Friday, October 08, 2004

 

Bubblewrap not good for president

The Washington Post reports that some of Bush's advisors think the bubblewrap has been wrapped too tight around their boy this year and that it hurt him in the debate.
Bush's Isolation From Reporters Could Be a Hindrance; Some Presidential Advisers Worry That He Could Pay Price During Debates for Being Overprotected

By Mike Allen
Washington Post Staff Writer
Friday, October 8, 2004

Tonight's town-hall audience of about 100 will ask 15 to 20 questions and will consist of an equal number of voters who say they lean toward Bush or Kerry but could change their minds, plus a few who say they are undecided.
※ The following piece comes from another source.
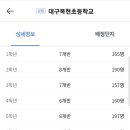 아소비교육대구북구구미지사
Bush's debate negotiators had sought to eliminate the event from the debate schedule because they were concerned that partisans could pose as uncommitted voters and slip in with tough or argumentative questions.

Although all presidents are kept somewhat removed from reality because of security concerns and their staffs' impulse for burnishing their image, Bush's campaign has taken unprecedented steps to shield him from dissenters and even from curious, undecided voters. On the way to the forum outside Cleveland, the media buses that went ahead of Bush were temporarily marooned in a church parking lot because police had been told to divert all buses since they could contain demonstrators.

Bush's handlers have pulled the presidential bubble especially tight during the campaign, but he often has kept his distance from the public and the media throughout his term. He rarely plays tourist on trips, and has held the fewest solo news conferences of any president since records were kept.

Bush has held 15 solo news conferences since taking office. At the same point in their presidencies, according to research by Martha Joynt Kumar of Towson University in Maryland, Bill Clinton had held 42; George H.W. Bush, 83; Ronald Reagan, 26; Jimmy Carter, 59; Gerald R. Ford, 39; Richard M. Nixon, 29; Lyndon B. Johnson, 88; John F. Kennedy, 65; and Dwight D. Eisenhower, 94.


Of course, they don't quote any actual Bush advisors on this (which Bush advisor would dare permit his name to be used). You wonder if anyone actually brought this up with the president; you also wonder how much the bubble strategy was actually discussed with the president, or if his people did it on their own, for the obvious reasons. Especially because of this quote:

Wayne Fields, a specialist in presidential rhetoric at Washington University, said the first debate showed Bush had been overprotected. "If you don't talk to the press and deal with audiences with some degree of skepticism, you can't build understanding so people have confidence in you in hard times," Fields said. "His handlers think they're doing him a favor, but they're not."


They obviously never thought it would come to this back in August when they were building up their big lead over Kerry. They figured they would try a sort of mobile "Rose Garden" strategy - take the president out on the road but make sure he never faced anything other than a friendly audience. They figured they had the election won, so why take any risks?

Which makes the president's woeful lack of preparedness for last Thursday's debate almost inexplicable. I think they've grown over the past few years to think they really are invincible and omnipotent. I think they really are as divorced from reality as they've seemed recently. I don't think it's simply a desperate hope that if they stay immovably on message that they can fake their way through the mess they're in. I think they don't see the mess. The president is not the only one living in a bubble.